In truth, the United States does face ecological crises. Our nation’s physical being is a resource for which we should be caretakers. Political conservatism and ecological conservation go together. But ours is not an amorphous “global” challenge made up of rising sea levels or carbon dioxide in the atmosphere. Our real ecological challenges are particular, concrete, and specific to our actual country.

The difference between communist environmentalism and conservative ecology lies in their entirely divergent perspectives. Communists invent and manipulate supposedly global challenges so that they can use them to carry out their resentment revolution against free people. The conservative ecologist, by contrast, focuses on solving local problems with moderate and humane solutions that promote the life of a free people.

The root of the word “ecology” comes from a combination of the Greek words oikos (meaning “house” or “home”) and logos (meaning study, learning, or reason). Ecology, then, is the study of one’s home. Ernst Haeckel, the zoologist who first coined the term, explained that ecology seeks to understand the “relation of the animal both to its organic as well as its inorganic environment.”

A conservative ecology focuses on the relation of Americans to their own national context. It is concerned with the “rocks and rills” and “templed hills” that actually make up his country. If America wishes to have a future, the amber waves of grain must be there for centuries to come. A study of and thoughtful concern for our natural resources reveal that our population growth, on the back of an influx of foreigners, is an ecological disaster waiting to happen.

The drought raging through the American West highlights how bad the problem really is.

Scottsdale, Arizona is so low on water that it can no longer sell that water to outlying communities. Hundreds of homes in Rio Verde, outside the city, have now gone dry and instead must rely on trucking in water from even further away.

In 2015, Las Vegas installed a third water intake into Lake Mead at a depth of 860 feet above sea level. That water intake cost nearly $1 billion to construct but it was dearly needed. Lake Mead, the man-made lake created by the Hoover Dam, is now only 27 percent full. The first intake pipe, constructed in 1971 is now fully exposed and no longer operational.

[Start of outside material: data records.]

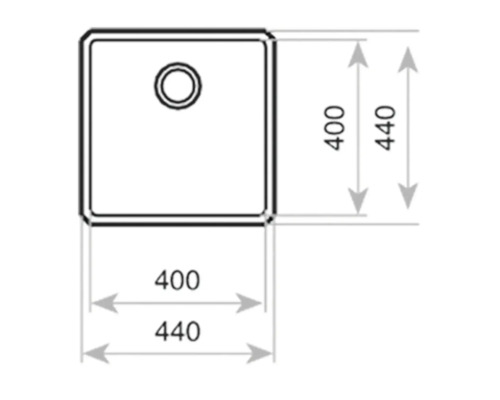Dimensions d''un évier : 400 x 400 millimètres et 440 x 440 millimètres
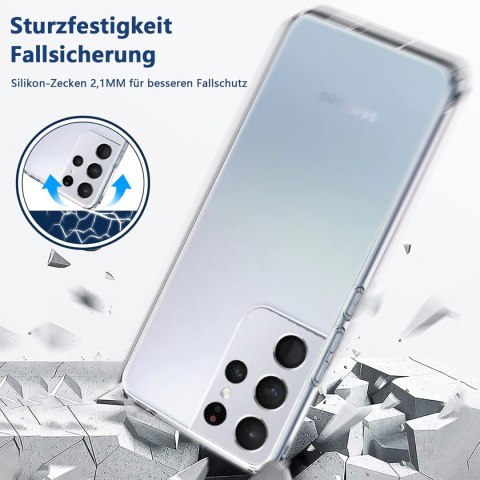 ETUI POKROWIEC SAMSUNG GALAXY S21 ULTRA 5G CASE SILIKONOWE BEZBARWNE PLECKI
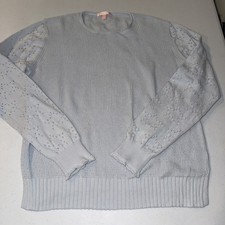 Lisa Todd Crochet Cutout Sleeve Sweater Women  s Small Light Blue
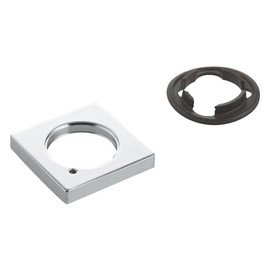 Grohe Rosette for Basin Mixer Taps without Pull Rod, Square, Quick Fixing System, Chrome (48421000)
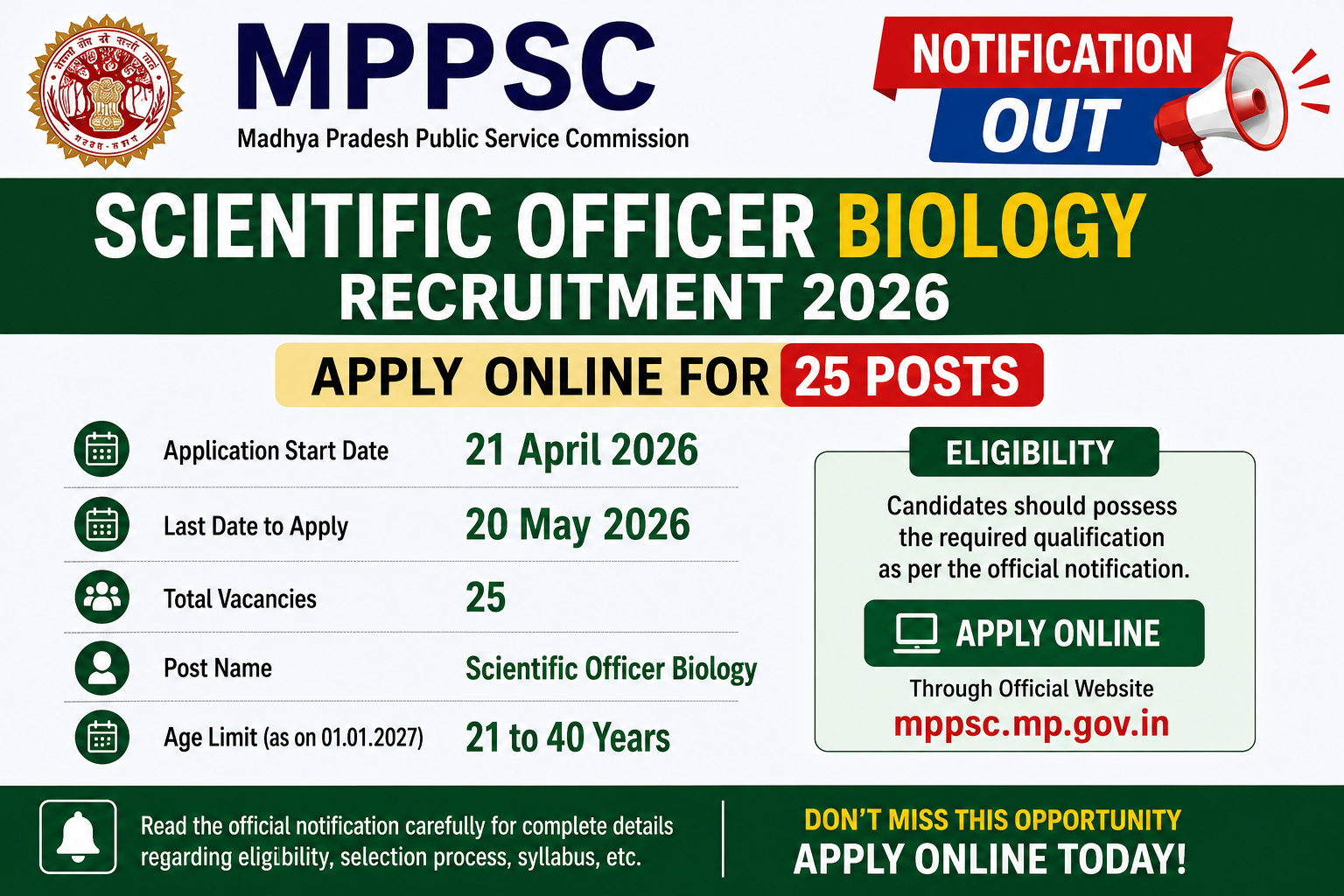MPPSC Scientific Officer Biology Recruitment 2026 Notification Out – Apply Online for 25 Posts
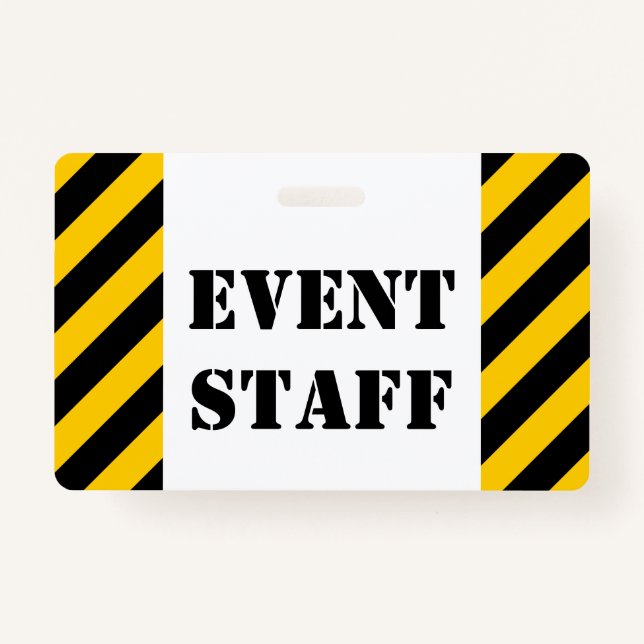 "EVENT STAFF" + Black & Yellow Stripes Badge (Front)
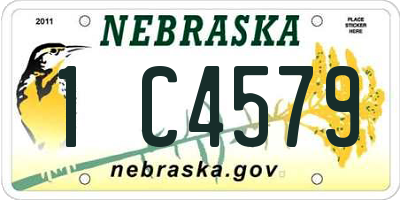 NE license plate 1C4579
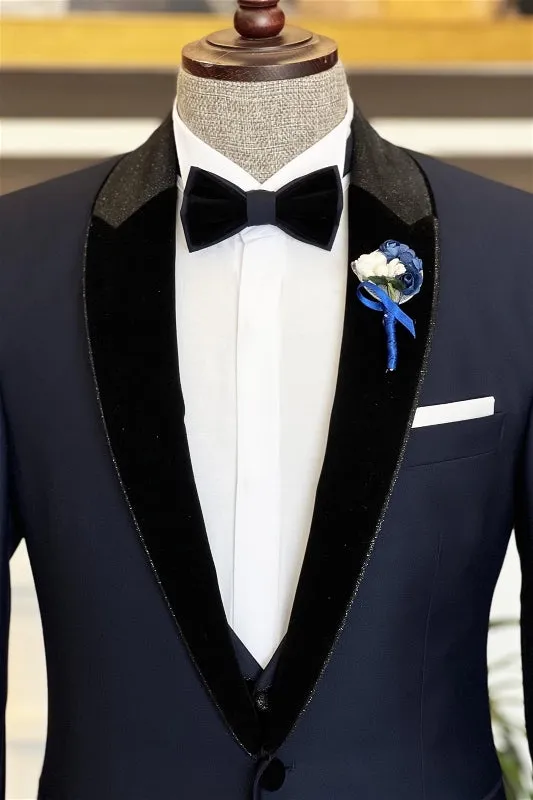 Fancy Navy Blue Peaked Lapel 2 Piece Men's Prom Suit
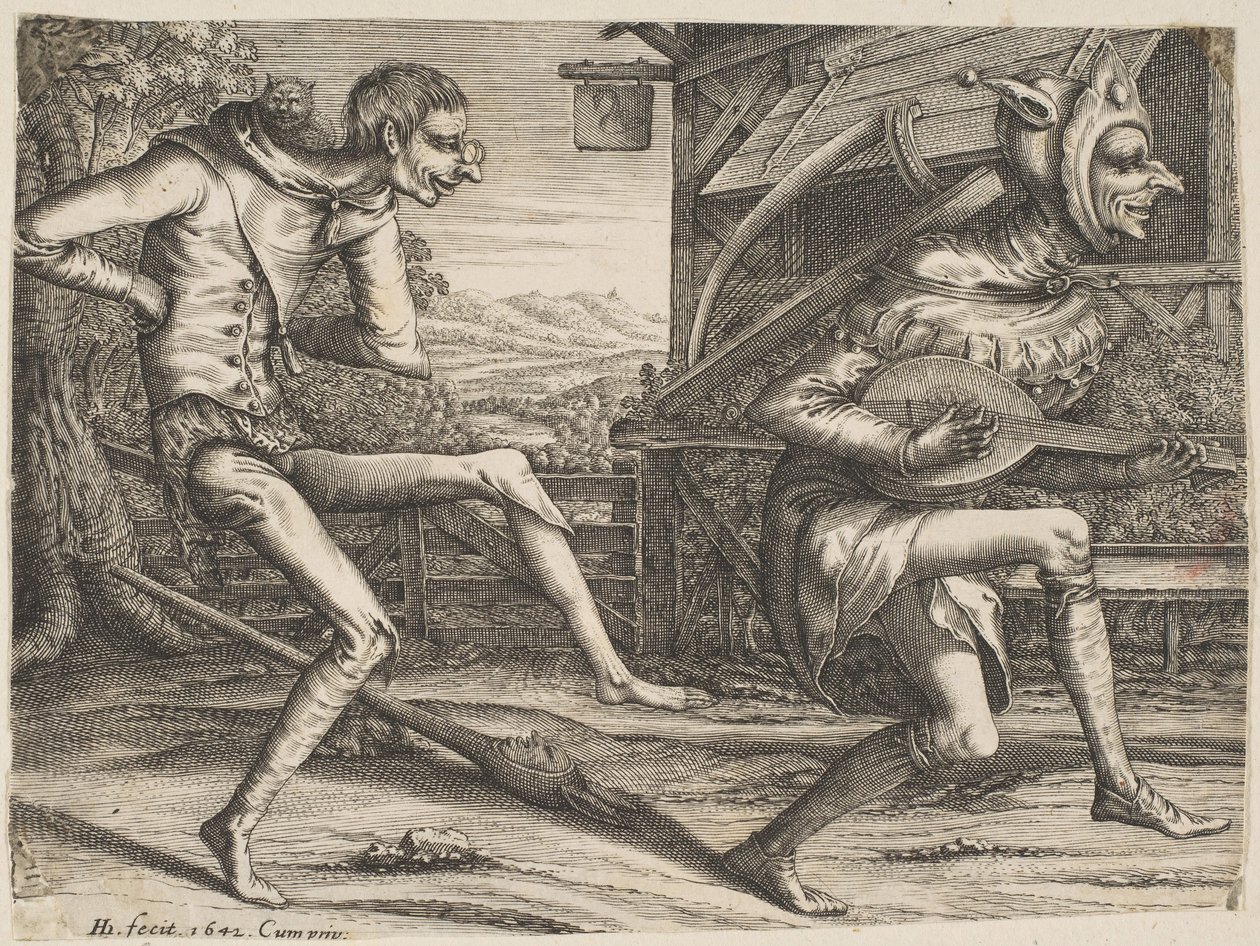 Dwóch głupców tańczących z karnawału dwóch i trzech głupców, 1642. autorstwa Hendrick Hondius I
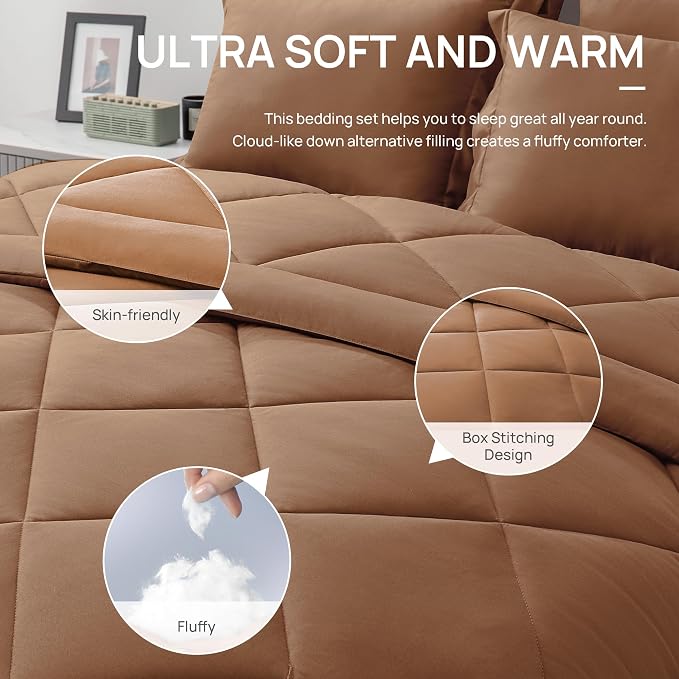 Love's cabin Full Comforter Set Mocha Mousse, 7 Pieces Full Bed in a Bag - Image 7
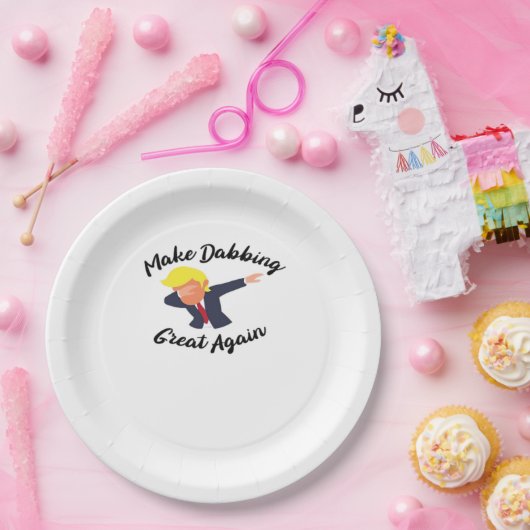 Maak dabbing weer geweldig design klassiek papieren bordje (Feest)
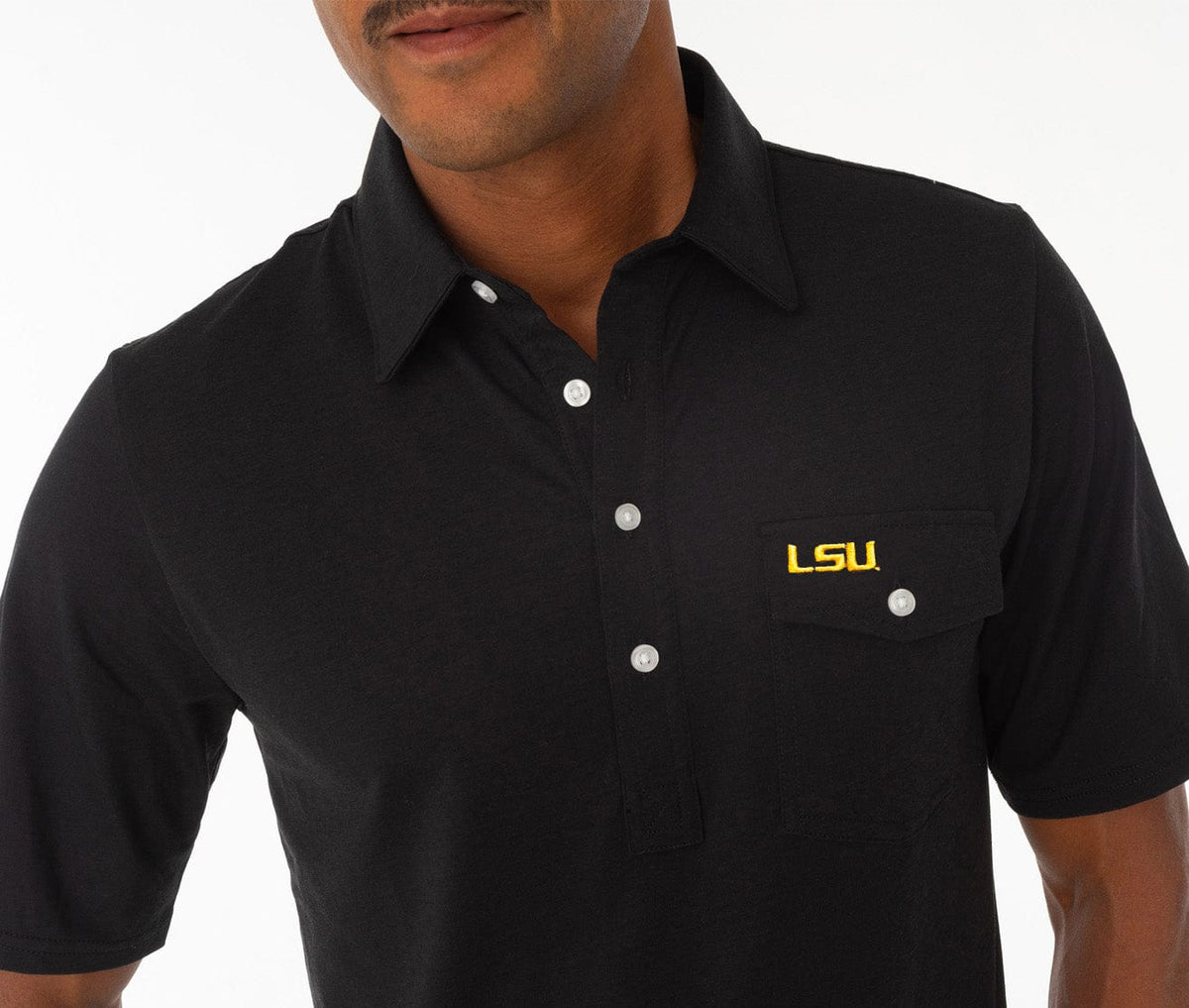 Criquet LSU in Coach's Performance Players Shirt, LSU, Black, view 2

More concerning is the possibility that Lake Mead could hit “dead pool”—the moment when gravity is no longer enough to continue the flow of water through the dam. Should this occur, the more than 25 million people in California, Arizona, and Mexico that depend on the Colorado River would be subjected to a hydrological crisis.

The All-American Canal system that carries water into the Imperial Valley in southeastern California is an engineering marvel. It transformed the harsh desert environment into one of the most productive agricultural regions in the United States. The Imperial Valley’s agricultural sector produces $1 billion a year in crops.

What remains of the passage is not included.